What needs to be done: Output all entries precisely and leave out the pictures.

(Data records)
-=-=-

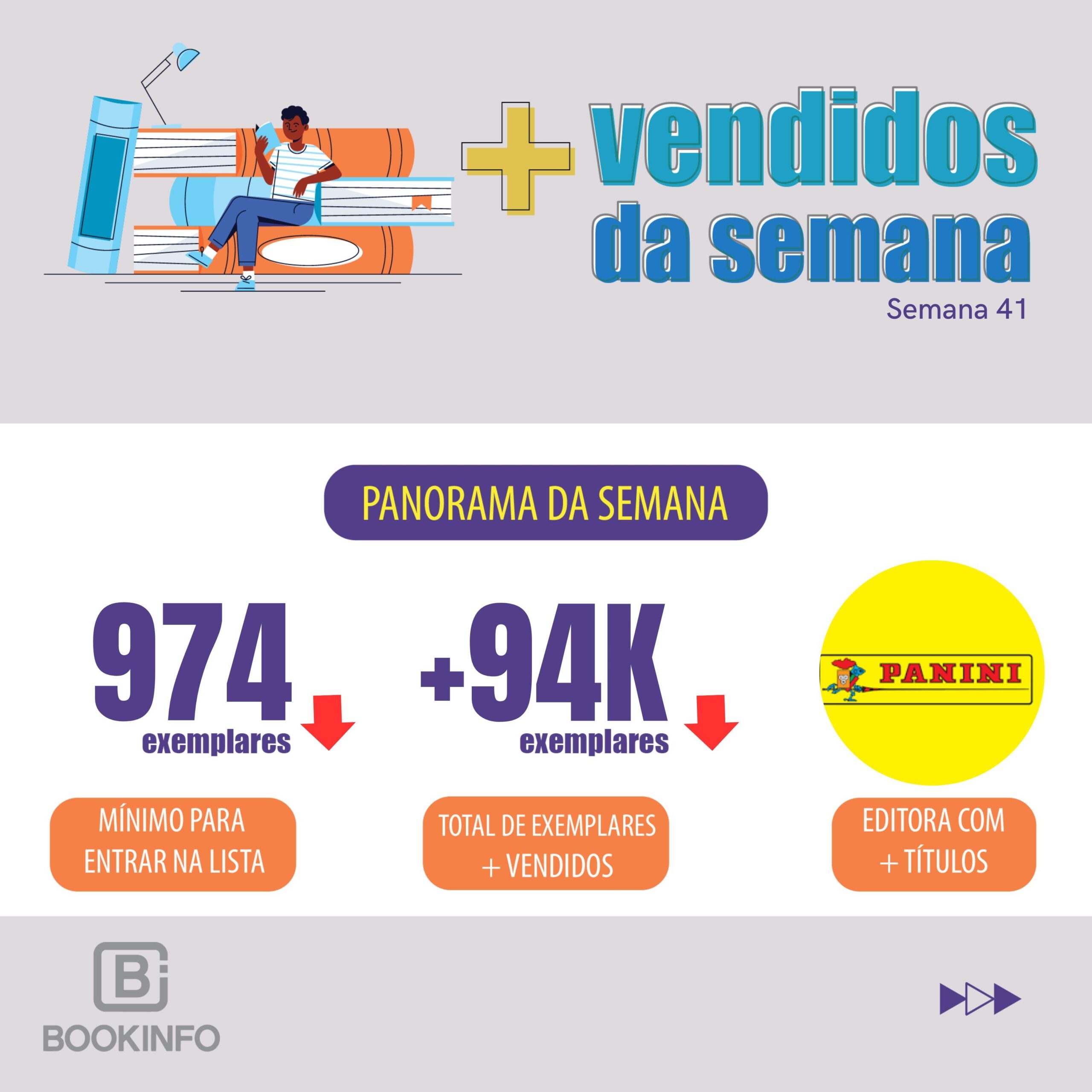 Livros religiosos seguem no topo com força total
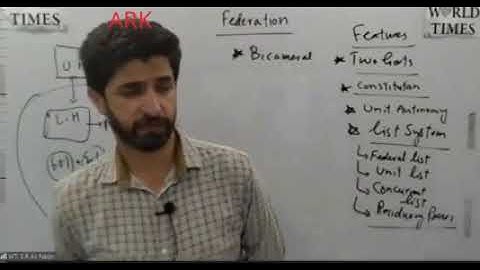 WTI CSS Political Science Sir Ali Naqvi Lec 19 Unitary, Confederation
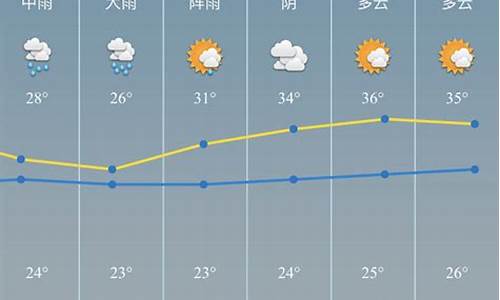 浙江慈溪天气预报一周_浙江慈溪天气预报一周7天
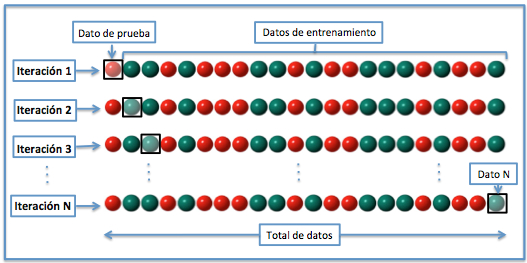 Validación cruzada aleatoria (De Joan.domenech91 - Trabajo propio, CC BY-SA 3.0, https://commons.wikimedia.org/w/index.php?curid=17616792)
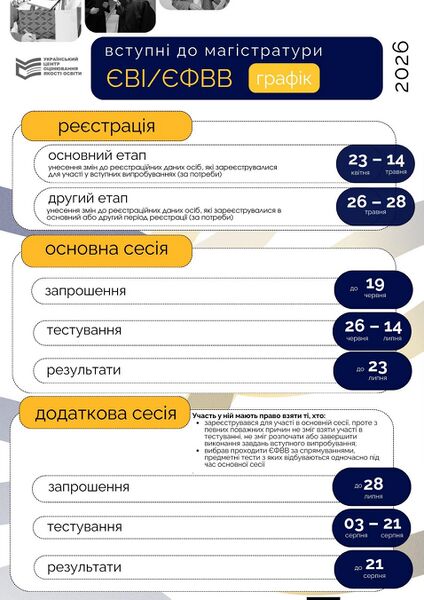 Файл:Вступ в магістатуру 2026.jpg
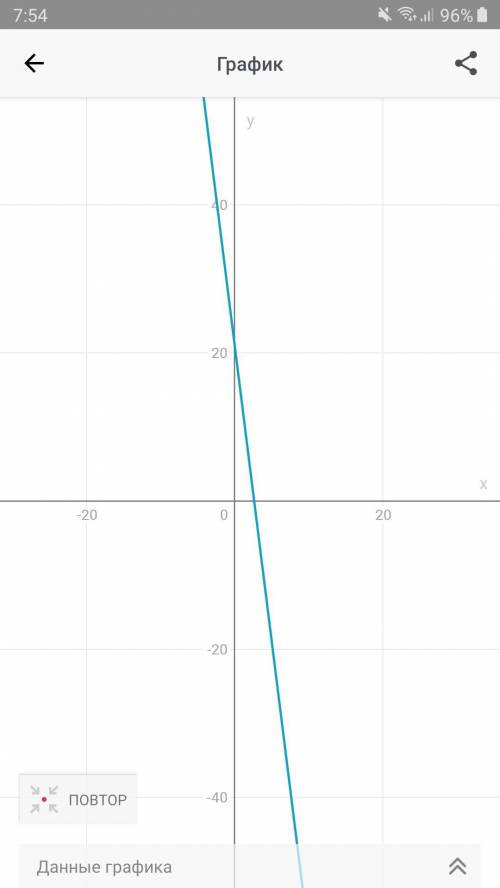 Учитывая функцию y = x ^ 2 - 10x + 21 а) Найдите параболу по формуле. б) Определите точки пересечени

-=-=-

Solution to this task:
 Livros religiosos seguem no topo com força total
 WTI CSS Political Science Sir Ali Naqvi Lec 19 Unitary, Confederation
 浙江慈溪天气预报一周_浙江慈溪天气预报一周7天
 Validación cruzada aleatoria (De Joan.domenech91 - Trabajo propio, CC BY-SA 3.0, https://commons.wikimedia.org/w/index.php?curid=17616792)
 Файл:Вступ в магістатуру 2026.jpg
 Учитывая функцию y = x ^ 2 - 10x + 21 а) Найдите параболу по формуле. б) Определите точки пересечени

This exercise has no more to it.